Tuesday, 21 January 2014

From the Green, Green Grass of Home

I caught a very short clip of the BBC programme, The Voice, recently and witnessed Tom Jones in action. From the little I saw he is relishing his role as the Elder Statesman of British Pop and enjoys pontificating on the performances of a seemingly endless stream of pretty mediocre singers. He's travelled a long way since I first saw him in action so come with me as I take you back in time to the mid 1960s.
In those days my regular Saturday night haunt was the Palais de Danse in Caerphiily. More formally known as the Plymouth Ballroom, it was THE place to be for any lover of rock groups (bands hadn't been invented yet). Someone once said that you will always remember the first group you called your own. I can and they were The Sons of Adam, from Cardiff. A hairy bunch who played a lot of very loud R & B with a thundering bass line. Wonderful stuff and I can still remember their versions of John Lee Hooker's 'Boom, Boom and Boom' and  Leiber and Stoller's 'I'm a Hog for You Baby'. Although I can recite in toto the lyrics of the latter, I'll admit that I had to look up the composers - my memory isn't that good.

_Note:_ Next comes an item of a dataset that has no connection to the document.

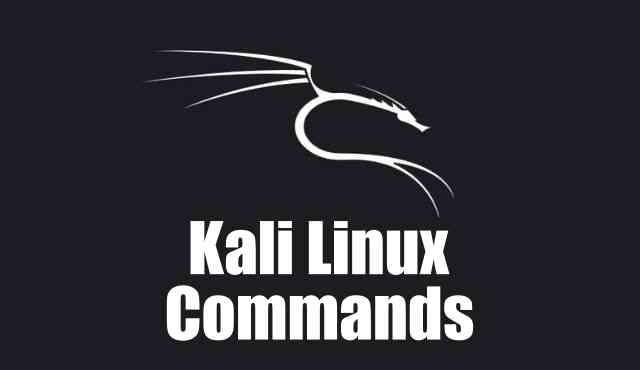 List of Linux Commands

Another group on the circuit at the time was Tommy Scott and the Senators. Less hard-edged, and to me less interesting than the Sons of Adam, the Senators were really just a backing group for the lead singer who obviously thought a lot of himself. I remember them dressed in leather waistcoats and,
Tommy Scott and the Senators
on another occasion (at a dance at Bedwas Comprehensive School of all places), in a set of rather tasteless pastel-shaded jackets. They were big on Elvis numbers and anything really that allowed Tommy Scott to exercise his tonsils. To be completely objective, he did have a distinctive style and was clearly a few notches better than the lead singers of most groups (except for the Sons of Adam, of course, who took it in turns to share the microphone).

It came as no surprise when we heard that Tommy Scott and the Senators headed to London. Because of a name clash, Tommy Scott morphed into Tom Jones and the Senators became the Squires. After a couple of unsuccessful records together, the Squires were sidelined (perhaps dumped would be a more accurate description) and Tom Jones went solo with 'It's not unusual'. The rest, as they say, is history. 

I can't find any pictures or recordings of the Sons of Adam (shame!) but here's a really badly dubbed clip of Tommy Scott and the Senators performing one of their deservedly unsuccessful releases - 'Baby I'm in Love'.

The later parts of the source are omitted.